I'm not sure your if statement makes sense either. Perhaps a more sane thing to do would be to make sure that g->db_cmd has enough space for what you are about to copy. You would do that via either sizeof (if db_cmd is an array of characters) or by tracking how big your heap allocations are (if db_cmd was acquired via malloc). So perhaps it would make most sense as:
size_t param_value_len = strlen(l->db.param_value.val),
del_const_len = strlen(l->del_const);
// Assumption is that db_cmd is a char array and hence sizeof(db_cmd) makes sense.
// If db_cmd is a heap allocation, replace the sizeof() with how many bytes you
// asked malloc for.
//
if (param_value_len + del_const_len < sizeof(g->db_cmd))
{
memcpy(g->db_cmd, l->db.param_value.val, param_value_len);
memcpy(g->db_cmd + param_value_len, l->del_const, del_const_len + 1);
}
else
{
// TODO: your buffer is not big enough. handle that.
}

You're not copying the null terminator, you're only coping the raw string data. That leaves your string non-null-terminated, which can cause all sorts of problems. You're also not checking to make sure you have enough space in your buffer, which can result in buffer overflow vulnerabilities.
To make sure you copy the null terminator, just add 1 to the number of bytes you're copying -- copy strlen(l->db.param_value.val) + 1 bytes.

One possible problem is that your first memcpy() call won't necessarily result in a null terminated string since you're not copying the '\0' terminator from l->db.param_value.val:
So when strlen(g->db_cmd) is called in the second call to memcpy() it might be returning something completely bogus. Whether this is a problem depends on whether the g->db_cmd buffer is initialized to zeros beforehand or not.
Why not use the strcat(), which was made to do exactly what you're trying to do with memcpy()?
if (strlen(g->db_cmd) < MAX_DB_CMDS )
{
strcat( g->db_cmd, l->db.param_value.val);
strcat( g->db_cmd, l->del_const);
g->cmd_ctr++;
}
That'll have the advantage of being easier for someone to read. You might think it would be less performant - but I don't think so since you're making a bunch of strlen() calls explicitly. In any case, I'd concentrate on getting it right first, then worry about performance. Incorrect code is as unoptimized as you can get - get it right before getting it fast. In fact, my next step wouldn't be to improve the code performance-wise, it would be to improve the code to be less likely to have a buffer overrun (I'd probably switch to using something like strlcat() instead of strcat()).
For example, if g->db_cmd is a char array (and not a pointer), the result might look like:
size_t orig_len = strlen(g->db_cmd);
size_t result = strlcat( g->db_cmd, l->db.param_value.val, sizeof(g->db_cmd));
result = strlcat( g->db_cmd, l->del_const, sizeof(g->db_cmd));
g->cmd_ctr++;
if (result >= sizeof(g->db_cmd)) {
// the new stuff didn't fit, 'roll back' to what we started with
g->db_cmd[orig_len] = '\0';
g->cmd_ctr--;
}
If strlcat() isn't part of your platform it can be found on the net pretty easily. If you're using MSVC there's a strcat_s() function which you could use instead (but note that it's not equivalent to strlcat() - you'd have to change how the results from calling strcat_s() are checked and handled).

Related

Using memcpy() to move tail of buffer to its beginning? (overlap)

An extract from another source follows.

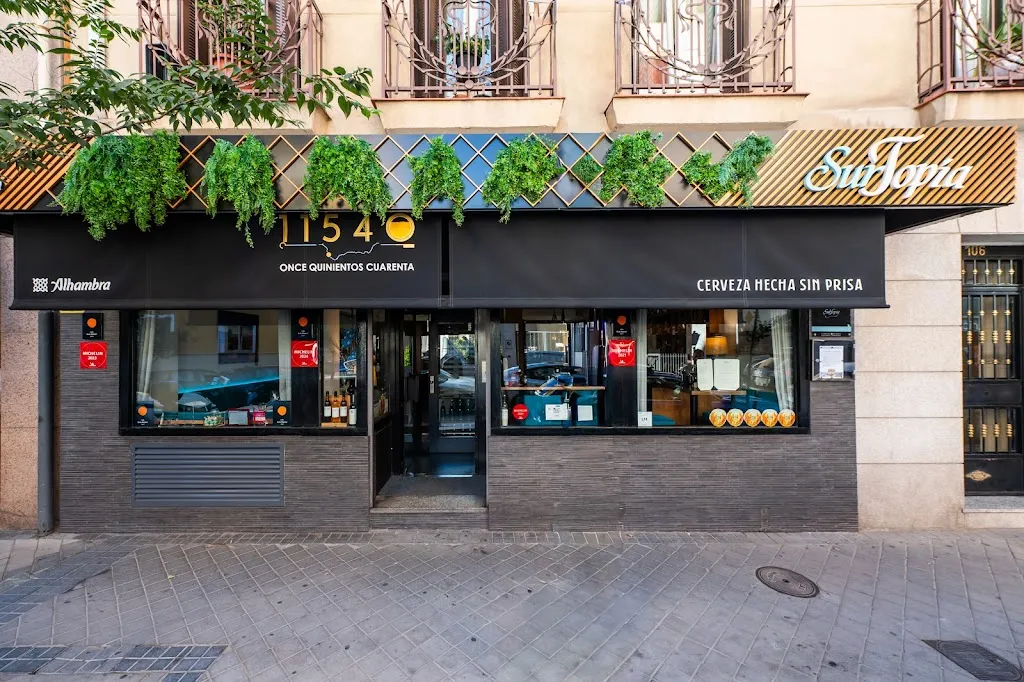 Restaurante Surtopía ristorante a Balboa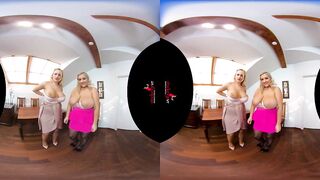 StockingsVR - BoobMania with Natural Huge Boobs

I have binary file read buffer which reads structures of variable length. Near the end of buffer there will always be incomplete struct. I want to move such tail of buffer to its beginning and then read buffer_size - tail_len bytes during next file read. Something like this:
char[8192] buf;
cur = 0, rcur = 0;
while(1){
read("file", &buf[rcur], 8192-rcur);
while (cur + sizeof(mystruct) < 8192){
mystruct_ptr = &buf[cur];
if (mystruct_prt->tailsize + cur >= 8192) break; //incomplete
//do stuff
cur += sizeof(mystruct) + mystruct_ptr->tailsize;
}
memcpy(buf,&buf[cur],8192-cur);
rcur=8192-cur;
cur = 0;
}
It should be okay if tail is small and buffer is big because then memcpy most likely won't overlap copied memory segment during single copy iteration. However it sounds slightly risky when tail becomes big - bigger than 50% of buffer.
If buffer is really huge and tail is also huge then it still should be okay since there's physical limit of how much data can be copied in single operation which if I remember correctly is 512 bytes for modern x86_64 CPUs using vector units. I thought about adding condition that checks length of tail and if it's too big comparing to size of buffer, performs naive byte-by-byte copy but question is:
How big is too big to consider such overlapping memcpy more or less safe. tail > buffer size - 2kb?

Per the standard, memcpy() has undefined behavior if the source and destination regions overlap. It doesn't matter how big the regions are or how much overlap there is. Undefined behavior cannot ever be considered safe.
If you are writing to a particular implementation, and that implementation defines behavior for some such copying, and you don't care about portability, then you can rely on your implementation's specific behavior in this regard. But I recommend not. That would be a nasty bug waiting to bite people who decide to use the code with some other implementation after all. Maybe even future you.
And in this particular case, having the alternative of using memmove(), which is dedicated to this exact purpose, makes gambling with memcpy() utterly reckless.

Is this code vulnerable to buffer overflow?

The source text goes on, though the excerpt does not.